18883895975_2a16b01868_bBy Katherine Ozment

Our five-and-a-half-year-old daughter, Jessie, is curled in my lap—as much as any five-and-a-half-year-old child can curl in her mother’s lap. Her long, gangly legs don’t quite fit anymore. She’s got one thumb in her mouth, the other hand pulled tight to her chest, and her face is resting against my breastbone—the fetal position, kindergarten-style.

Across the room, Annie, our eighteen-month-old, sees Jessie in her favorite spot and blows a gasket. Her brow furrows and she waddles toward us like a mad duck, her round belly clearing her path as she steps on strewn toys and bangs into the table, then a few chairs, en route. She’s making a noise I can only describe as keening, and I’m reminded once again of the wild intensity—and sheer absurdity—of this thing called sibling rivalry.
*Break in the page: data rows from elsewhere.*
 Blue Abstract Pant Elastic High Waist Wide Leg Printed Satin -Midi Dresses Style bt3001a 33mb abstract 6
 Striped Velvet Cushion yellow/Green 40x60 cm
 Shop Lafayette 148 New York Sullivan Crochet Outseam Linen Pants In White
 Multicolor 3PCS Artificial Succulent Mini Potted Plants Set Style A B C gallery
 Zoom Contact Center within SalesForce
A keening, waddling, pissed-off duck is coming at me as a delicate, too-tall flower lies limp and sad in my arms. This can’t end well.

Annie reaches us, and with one meaty-armed shove—surprising in force for someone who weighs as much as a holiday turkey—pushes Jessie, who falls from my lap in a long, drawn-out tumble, like an origami swan coming unfolded. Writhing on the floor, Jessie yells, “I hate her!”

Annie smiles, climbs into my lap, tilts her sweet face up to me, and chirps, “Book?”

William, our nine-year-old son, saunters by on his way to the fridge for a snack, notices Jessie crying, and says off-handedly, “She just wants you—like we all do.”

And, with that, our big, bookish boy sums up the whole mess. A natural historian peering in through our kitchen window might call the episode a clear case of the survival of the fittest. An economist might deem ours an obvious example of competition for scarce resources. And a writer might wax poetic on the positive outcome of all that sisterly competition, as Simone de Beauvoir once did: “She helped me to assert myself … I believe I should count the fact of having had a sister, younger than myself but close to me in age, as one of my pieces of good luck.”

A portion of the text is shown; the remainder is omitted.